HX: Hi, Cyndi! Are you, as they say, big in Japan?
Cyndi Lauper: I’m much taller.
You’ve reinterpreted your classics on The Body Acoustic. Why futz with perfection?
Well, I was doing this stuff live anyway at benefits, and they always say, “If you can keep the cost down…” so that more money goes to the cause. So I just started showing up with my dulcimer. I did this one event where the record company happened to be there, and they really loved it and wanted to have it down on CD.
But this isn’t your typical sleepy acoustic album.
No, I didn’t want to make a Prozac record. I love the Americana sound — that folky, back porch singing stuff. I wanted that feel of people getting together after dinner to sing and play. But I also wanted it to rock out. [Gasps.] [To entourage:] My ticket and my passport! I’m not quite sure! [To me:] Hang on a second. [A minute passes.] Are you still there?
Yep.
So, listen, I forgot my perfume. I’m just gonna buy it here at the airport. I say Coco Chanel — you can’t go wrong, right? Because it always smells the same. Or would you do Shalimar? But Shalimar’s very sweet. It kinda makes me a little sick. Oh, Paris — you can smell like roach spray! What about Opium?
That’s nice.
Nah, it smells like a guy’s thing. I still say Chanel No. 5. Let me see what it smells like. Spray it in the air and then walk in and sniff! [Coughing.] Oh, the whole place stinks of that now. Now I have a headache.
Maybe that’s not the best choice, then.
No, I say it’s gotta be Coco. Or is it too pedestrian? See, I love the bottle — I gotta love the bottle. Gaultier’s cover is beautiful, but I’m trying to figure out what that smells like… [Gagging.] I got that in my mouth! Now what’s this? Oh, Mademoiselle — I don’t like that. They gotta have the old-fashioned stuff for the old geezers. [To cashier:] Why don’t you have a tiny one of Coco? You’re killin’ me! [To me:] All right, what was I saying?
I’m not sure.
I’m going to have to buy this big-ass thing. It won’t even fit in my purse! [To cashier:] Do you have a smaller bottle of that? But don’t you know that we’re traveling and some people just need a fragrance?
Speaking of traveling, do you ever miss touring the land with Cher?
Nah. It’s not that I didn’t love her or anything — I thought she was the best. But it was fun!
Will you ever announce your own Farewell Tour?
No, hon. The Farewell Tour will probably be the New Orleans band that’s dancing by my casket.

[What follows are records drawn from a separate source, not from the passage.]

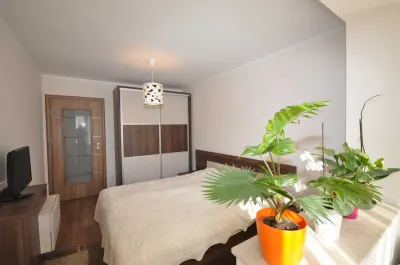 3 camere Centru Civic mobilat lux  600 Euro - foto 6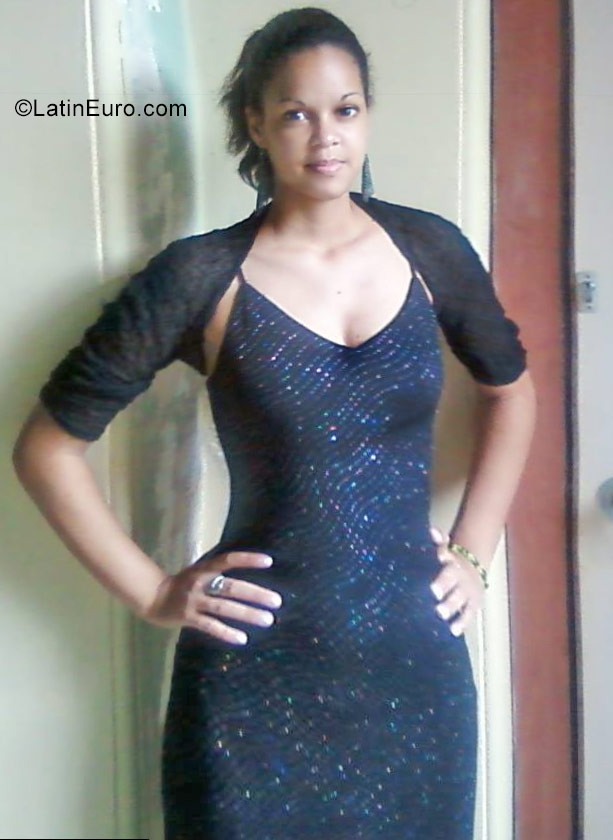 Date this young Cuba girl Lidia from Havana CU252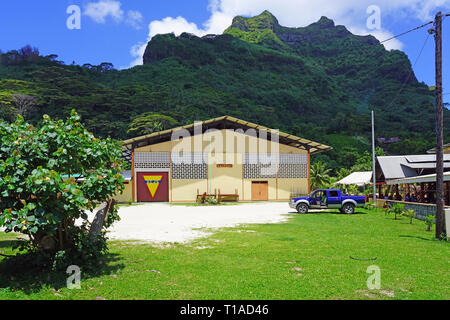 VAITAPE, BORA BORA -4 DEC 2018- Street View di Vaitape, la cittadina principale di Bora Bora, Polinesia francese, ai piedi del Monte Otemanu. Foto Stock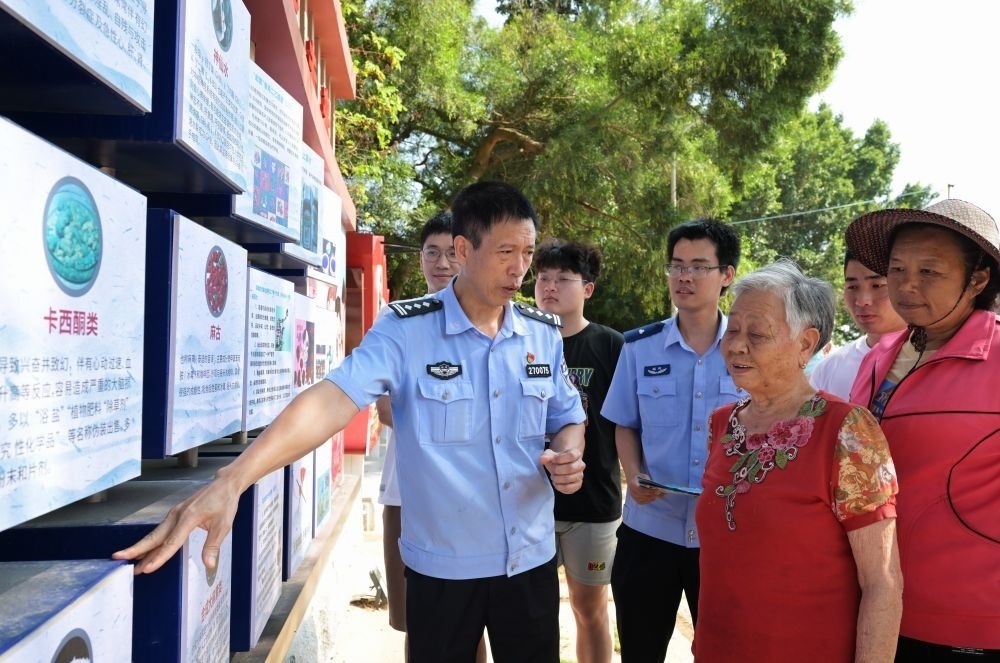 2023年6月4日，在廈門市翔安區(qū)大宅社區(qū)，民警向社區(qū)群眾介紹毒品的性質(zhì)、種類、危害及防范措施。新華社記者 魏培全 攝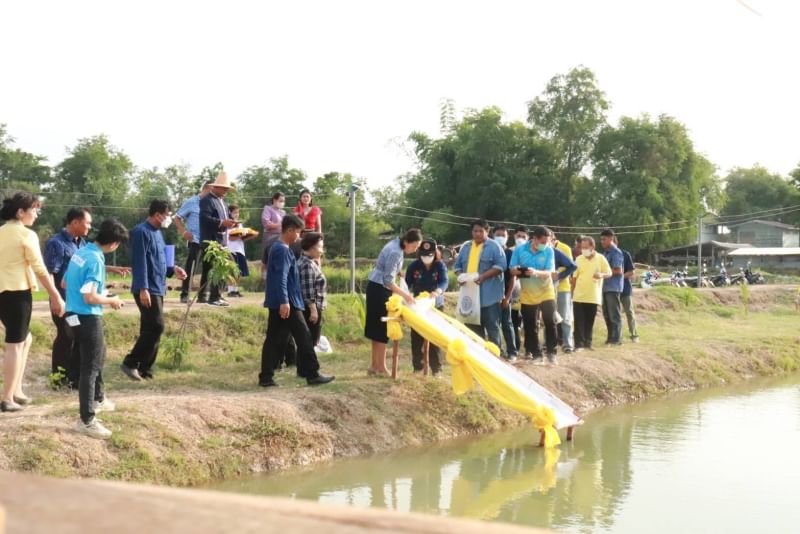 ประมงอำเภอเก้าเลี้ยว เข้าร่วมการประกวดหมู่บ้านอยู่เย็นเป็นสุข อช.ดีเด่น และตำบลเข้มแข็ง..คลิก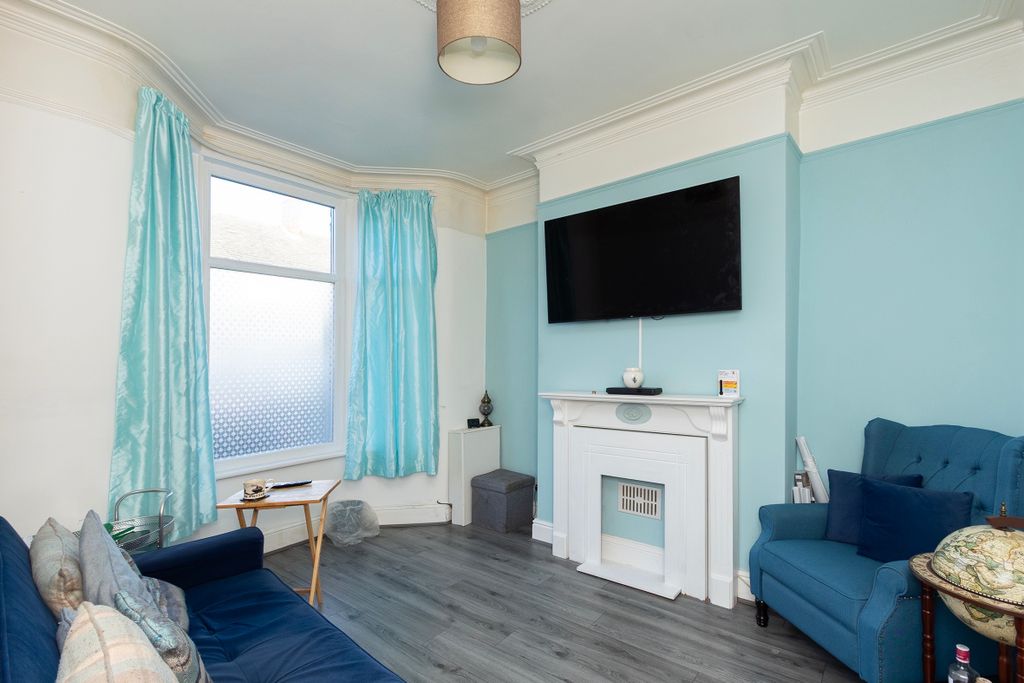 Property photo 2 of 7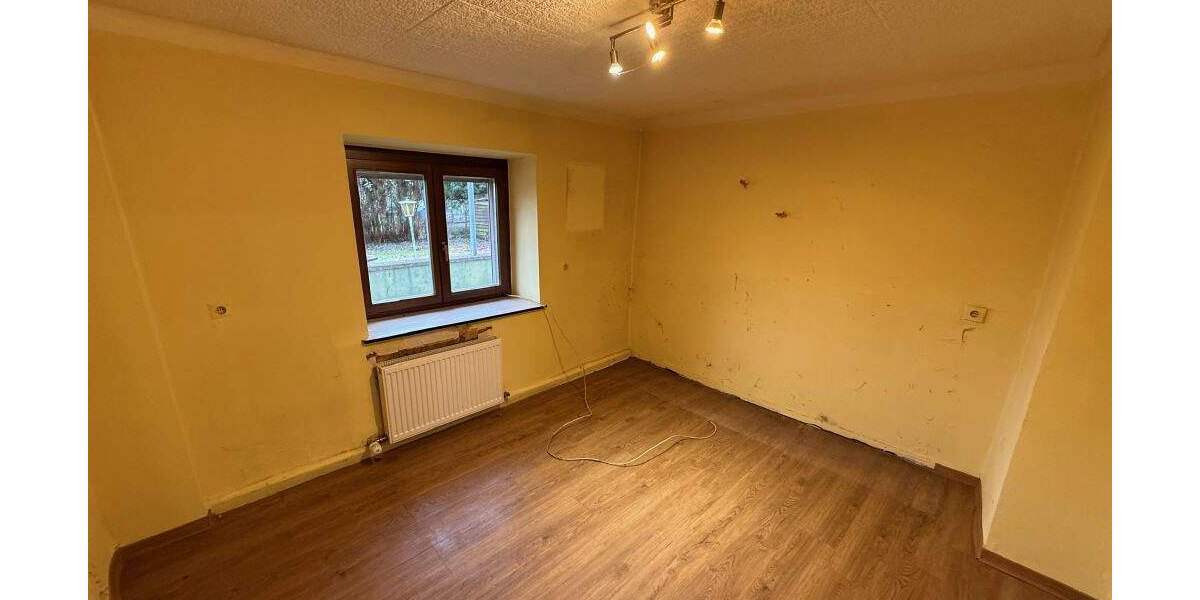 Einfamilienhaus Quierschied Göttelborn - 7 Zimmer, 123 m&sup2;, 99.000&euro; | Angebot:25695588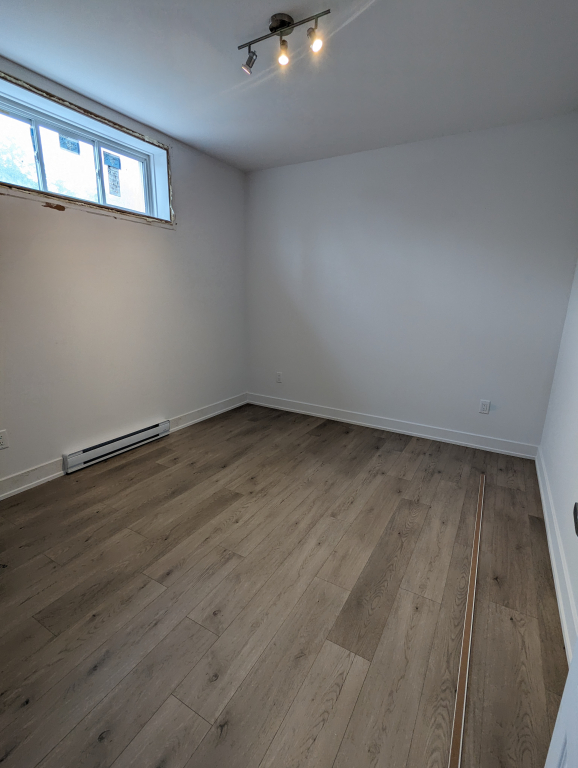 1 Chambre Semi Sous-sol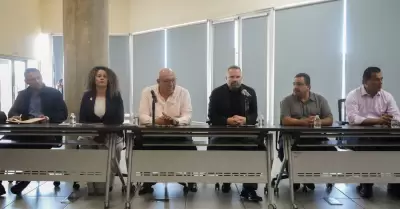 Reuni�n con representantes del gremio de transportistas
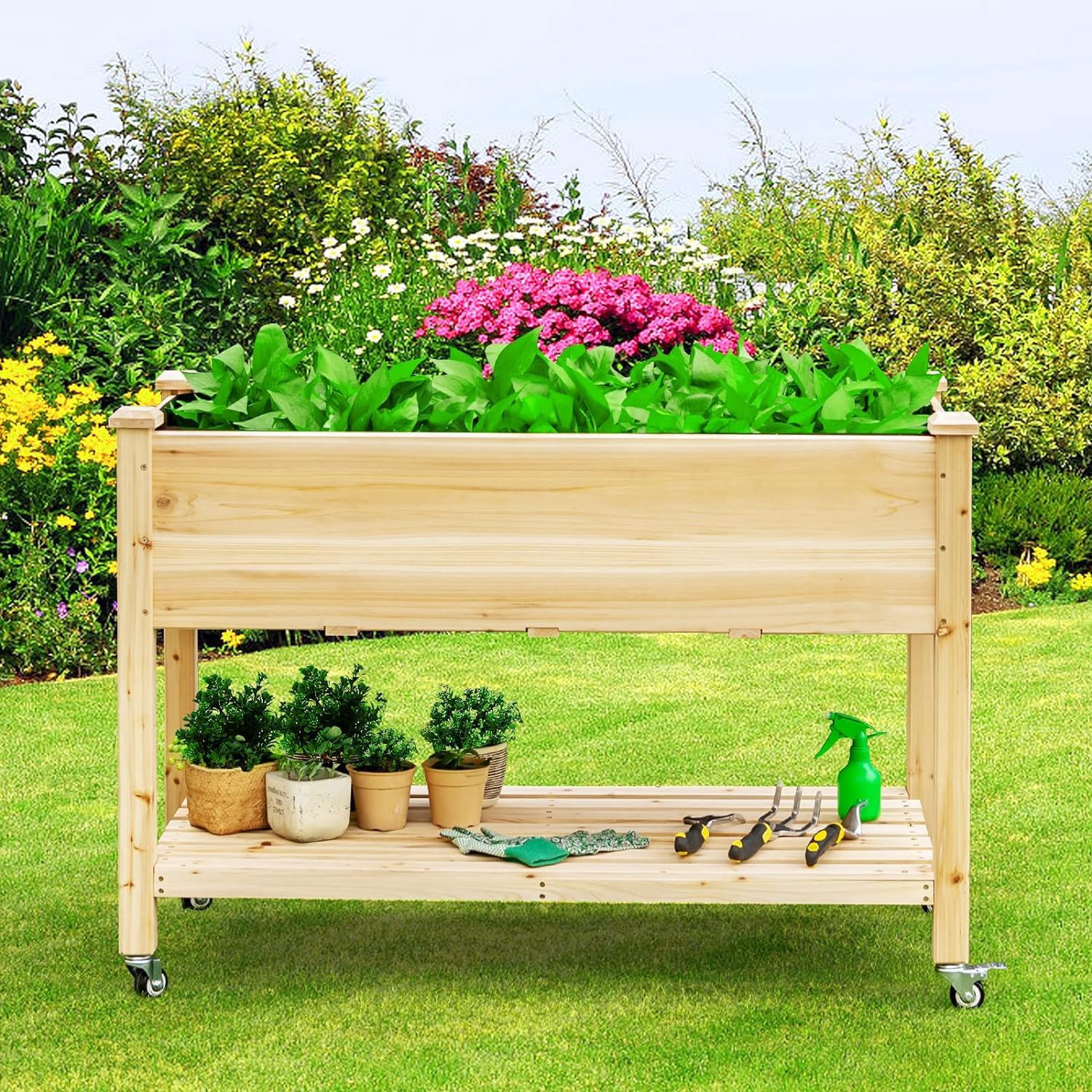 GOPLUS Jardinera Exterior con Ruedas Bloqueables y Estante, Cama Elevada de Madera de Abeto con Agujeros de Drenaje y Forro no Tejido, Huerto Urbano para Flores Hierbas Verduras, 120 x 59 x 84 cm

Cyndi, my favorite song of yours is the 1988 single “Hole in My Heart” from the Vibes soundtrack, which is absent from both The Body Acoustic and your 1995 greatest hits disc, 12 Deadly Cyns. Do you ever sing it live?
Oh, it’s a lot of people’s favorite! Sometimes I sing it by myself. Well, at the end of a concert I always want to do something that surprises you…
Ooh! If you want to surprise us with that one at your New York show, you can say I personally requested it.
Okay! I’ll try. You know what, I’ll try to learn it on my omnichord. And then I’ll just sit down, pull it out and say, “Here’s a song that radio told me was just too darn fast.” They said, “We’re only doing slow songs now.” I had a rough time in that time period because radio became so corporate. My big dream is to have enough time to do my tours, write and have a little radio show in the back of the bus — like pirate radio — and go from town to town and say, “Here’s what they’re playing here, this is the local music. Let me know what you think!” I don’t know if you can really do that; that’s just a fantasy of mine.
You can do anything if you put your mind to it, Cyndi.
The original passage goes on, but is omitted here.